Where the data below shows a picture, leave that picture out and copy the rest exactly.

───── Raw data ─────

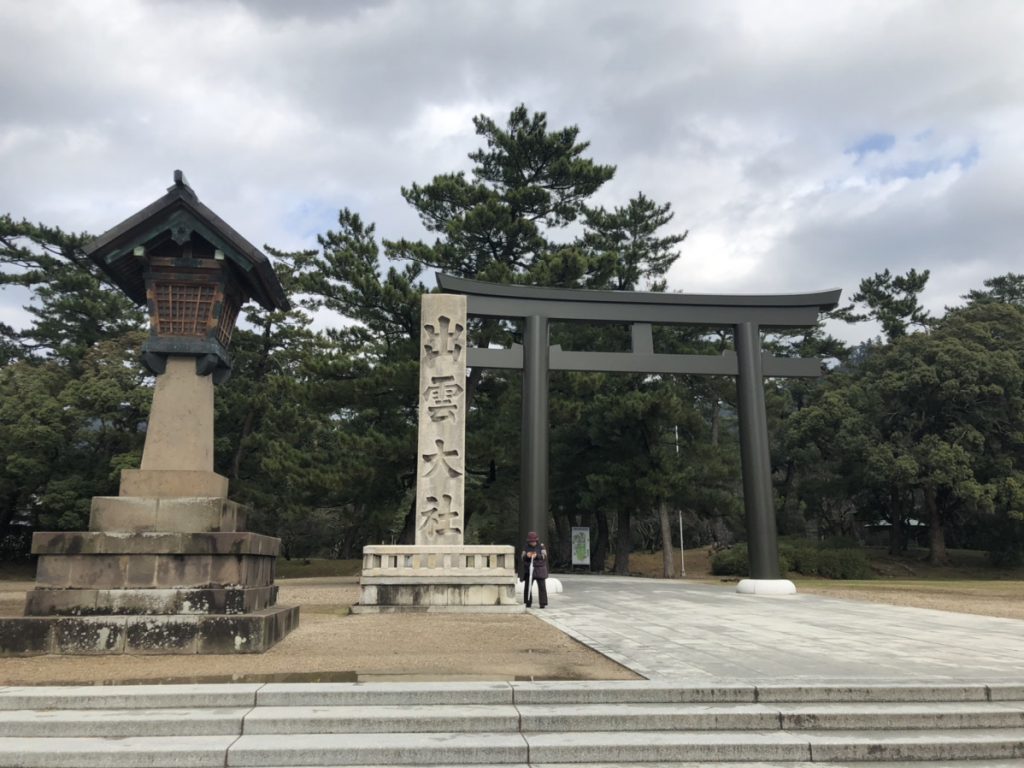 出雲大社の堂々とした様子。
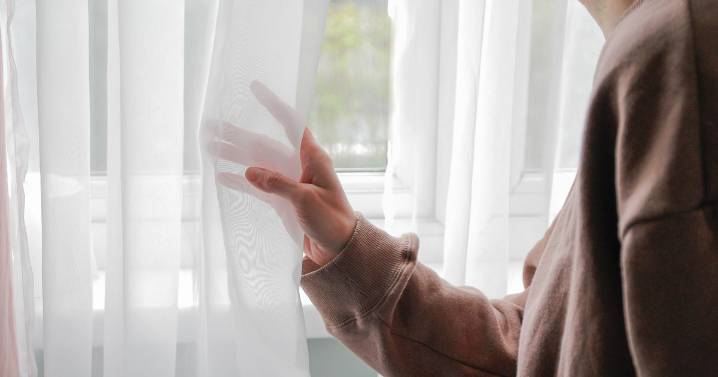 Couple spot neighbour making '£300 mistake' but decide not to tell them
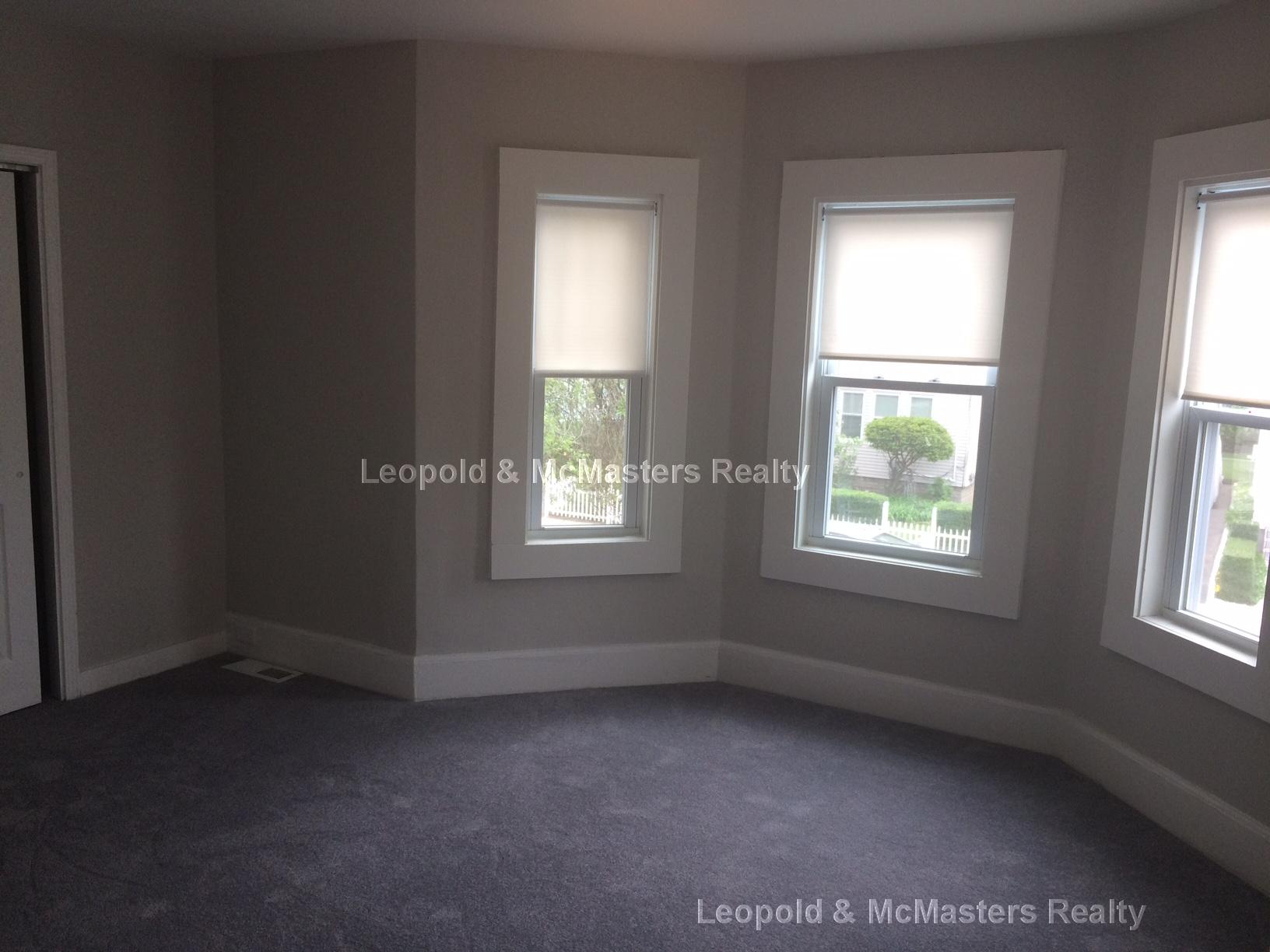 272 Wood Ave, Hyde Park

─────

Answer:
 出雲大社の堂々とした様子。
 Couple spot neighbour making '£300 mistake' but decide not to tell them
 272 Wood Ave, Hyde Park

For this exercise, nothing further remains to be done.